* _ACTIVITY_:
Your task is to output, without alteration, each line from the one containing "Kostenloser Rückversand Strickset" through the final line of the records below.

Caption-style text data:
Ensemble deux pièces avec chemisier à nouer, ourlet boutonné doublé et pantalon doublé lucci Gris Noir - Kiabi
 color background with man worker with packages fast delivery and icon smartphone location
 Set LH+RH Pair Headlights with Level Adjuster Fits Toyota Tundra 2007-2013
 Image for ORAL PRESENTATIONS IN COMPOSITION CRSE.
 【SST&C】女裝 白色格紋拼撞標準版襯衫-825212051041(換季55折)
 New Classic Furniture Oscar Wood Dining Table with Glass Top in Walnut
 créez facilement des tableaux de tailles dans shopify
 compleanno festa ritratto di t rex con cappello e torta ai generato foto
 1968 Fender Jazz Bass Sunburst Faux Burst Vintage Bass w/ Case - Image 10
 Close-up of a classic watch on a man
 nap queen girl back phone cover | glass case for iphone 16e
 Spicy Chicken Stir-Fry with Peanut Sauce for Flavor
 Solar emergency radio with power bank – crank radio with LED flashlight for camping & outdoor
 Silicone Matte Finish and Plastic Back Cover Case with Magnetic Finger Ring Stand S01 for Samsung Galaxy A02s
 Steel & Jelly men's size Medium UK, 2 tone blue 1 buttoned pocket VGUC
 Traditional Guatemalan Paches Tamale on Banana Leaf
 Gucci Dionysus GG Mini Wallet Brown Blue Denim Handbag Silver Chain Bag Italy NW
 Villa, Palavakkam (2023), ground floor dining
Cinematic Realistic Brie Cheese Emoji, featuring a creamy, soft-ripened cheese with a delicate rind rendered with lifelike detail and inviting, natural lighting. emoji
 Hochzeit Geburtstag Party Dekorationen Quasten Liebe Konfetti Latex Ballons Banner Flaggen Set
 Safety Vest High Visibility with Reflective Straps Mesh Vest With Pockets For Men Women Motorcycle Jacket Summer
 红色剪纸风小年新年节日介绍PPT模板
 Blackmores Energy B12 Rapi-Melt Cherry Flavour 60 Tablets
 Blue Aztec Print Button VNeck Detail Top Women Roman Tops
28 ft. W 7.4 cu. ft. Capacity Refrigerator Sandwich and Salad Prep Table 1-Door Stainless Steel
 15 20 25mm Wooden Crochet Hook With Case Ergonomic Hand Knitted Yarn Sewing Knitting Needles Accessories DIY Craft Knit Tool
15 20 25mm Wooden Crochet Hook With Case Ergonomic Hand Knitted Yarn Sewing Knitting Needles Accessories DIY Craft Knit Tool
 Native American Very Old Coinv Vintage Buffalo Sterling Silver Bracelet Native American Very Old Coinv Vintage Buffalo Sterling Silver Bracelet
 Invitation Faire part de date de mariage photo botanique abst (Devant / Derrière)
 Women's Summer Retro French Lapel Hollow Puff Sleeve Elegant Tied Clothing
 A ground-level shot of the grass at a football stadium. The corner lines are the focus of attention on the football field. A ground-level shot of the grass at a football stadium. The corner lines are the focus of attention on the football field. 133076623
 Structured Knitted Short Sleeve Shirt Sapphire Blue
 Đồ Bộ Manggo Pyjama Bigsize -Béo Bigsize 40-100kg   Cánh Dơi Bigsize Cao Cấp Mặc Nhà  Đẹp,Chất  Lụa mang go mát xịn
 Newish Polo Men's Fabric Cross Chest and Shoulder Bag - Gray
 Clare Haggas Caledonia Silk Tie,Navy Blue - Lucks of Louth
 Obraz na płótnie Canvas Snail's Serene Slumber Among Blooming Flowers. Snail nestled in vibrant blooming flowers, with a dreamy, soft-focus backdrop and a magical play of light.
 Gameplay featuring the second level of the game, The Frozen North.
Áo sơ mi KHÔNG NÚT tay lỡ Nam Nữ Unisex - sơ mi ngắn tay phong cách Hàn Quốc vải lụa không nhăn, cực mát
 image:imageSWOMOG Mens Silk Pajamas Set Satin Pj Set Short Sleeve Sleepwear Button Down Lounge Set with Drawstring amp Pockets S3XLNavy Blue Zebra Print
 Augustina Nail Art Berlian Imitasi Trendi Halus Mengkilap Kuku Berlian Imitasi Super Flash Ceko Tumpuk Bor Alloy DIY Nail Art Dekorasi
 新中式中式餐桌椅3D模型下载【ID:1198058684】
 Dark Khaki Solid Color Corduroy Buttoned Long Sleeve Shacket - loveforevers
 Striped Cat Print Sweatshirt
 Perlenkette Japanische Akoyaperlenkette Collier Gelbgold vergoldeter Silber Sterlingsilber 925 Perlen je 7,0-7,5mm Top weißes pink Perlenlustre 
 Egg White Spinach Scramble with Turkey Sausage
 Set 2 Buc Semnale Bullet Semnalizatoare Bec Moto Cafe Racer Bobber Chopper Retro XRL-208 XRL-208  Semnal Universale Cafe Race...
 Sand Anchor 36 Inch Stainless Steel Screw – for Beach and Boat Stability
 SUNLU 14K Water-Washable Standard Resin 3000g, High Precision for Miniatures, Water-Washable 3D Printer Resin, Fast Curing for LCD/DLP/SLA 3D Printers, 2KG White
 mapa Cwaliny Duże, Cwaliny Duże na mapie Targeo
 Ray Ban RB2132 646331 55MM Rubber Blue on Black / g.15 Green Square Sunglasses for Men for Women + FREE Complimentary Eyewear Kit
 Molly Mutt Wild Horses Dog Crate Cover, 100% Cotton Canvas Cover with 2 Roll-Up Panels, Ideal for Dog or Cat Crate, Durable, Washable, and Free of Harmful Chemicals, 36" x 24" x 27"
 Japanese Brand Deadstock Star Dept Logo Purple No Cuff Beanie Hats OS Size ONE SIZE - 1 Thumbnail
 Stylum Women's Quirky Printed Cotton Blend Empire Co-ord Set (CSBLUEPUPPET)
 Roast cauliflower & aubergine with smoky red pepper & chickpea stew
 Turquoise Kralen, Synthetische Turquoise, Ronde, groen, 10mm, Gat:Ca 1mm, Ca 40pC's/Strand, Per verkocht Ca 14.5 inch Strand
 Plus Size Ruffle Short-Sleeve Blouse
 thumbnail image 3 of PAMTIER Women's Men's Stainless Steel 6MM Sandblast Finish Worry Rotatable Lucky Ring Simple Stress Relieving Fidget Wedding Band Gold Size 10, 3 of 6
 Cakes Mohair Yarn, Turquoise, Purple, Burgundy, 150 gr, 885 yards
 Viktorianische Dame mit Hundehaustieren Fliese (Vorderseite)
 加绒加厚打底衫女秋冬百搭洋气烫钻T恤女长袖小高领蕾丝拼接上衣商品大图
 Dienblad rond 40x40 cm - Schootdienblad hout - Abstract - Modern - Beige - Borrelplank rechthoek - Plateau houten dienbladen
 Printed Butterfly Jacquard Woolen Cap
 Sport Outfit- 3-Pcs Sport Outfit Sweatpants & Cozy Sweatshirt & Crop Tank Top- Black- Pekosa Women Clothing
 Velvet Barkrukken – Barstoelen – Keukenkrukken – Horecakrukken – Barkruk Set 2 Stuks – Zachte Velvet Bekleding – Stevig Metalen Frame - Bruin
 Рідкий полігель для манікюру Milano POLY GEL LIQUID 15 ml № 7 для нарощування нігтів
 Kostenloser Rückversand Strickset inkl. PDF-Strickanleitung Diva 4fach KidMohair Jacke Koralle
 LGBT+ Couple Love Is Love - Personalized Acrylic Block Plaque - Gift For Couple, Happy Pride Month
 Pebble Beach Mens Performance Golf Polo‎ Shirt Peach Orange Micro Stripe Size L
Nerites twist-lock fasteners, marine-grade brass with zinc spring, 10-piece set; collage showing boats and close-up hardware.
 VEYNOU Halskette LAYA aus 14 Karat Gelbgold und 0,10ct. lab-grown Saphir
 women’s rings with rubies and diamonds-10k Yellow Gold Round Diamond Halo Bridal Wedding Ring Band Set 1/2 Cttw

* _EXERCISE RESPONSE_:
 Kostenloser Rückversand Strickset inkl. PDF-Strickanleitung Diva 4fach KidMohair Jacke Koralle
 LGBT+ Couple Love Is Love - Personalized Acrylic Block Plaque - Gift For Couple, Happy Pride Month
 Pebble Beach Mens Performance Golf Polo‎ Shirt Peach Orange Micro Stripe Size L
Nerites twist-lock fasteners, marine-grade brass with zinc spring, 10-piece set; collage showing boats and close-up hardware.
 VEYNOU Halskette LAYA aus 14 Karat Gelbgold und 0,10ct. lab-grown Saphir
 women’s rings with rubies and diamonds-10k Yellow Gold Round Diamond Halo Bridal Wedding Ring Band Set 1/2 Cttw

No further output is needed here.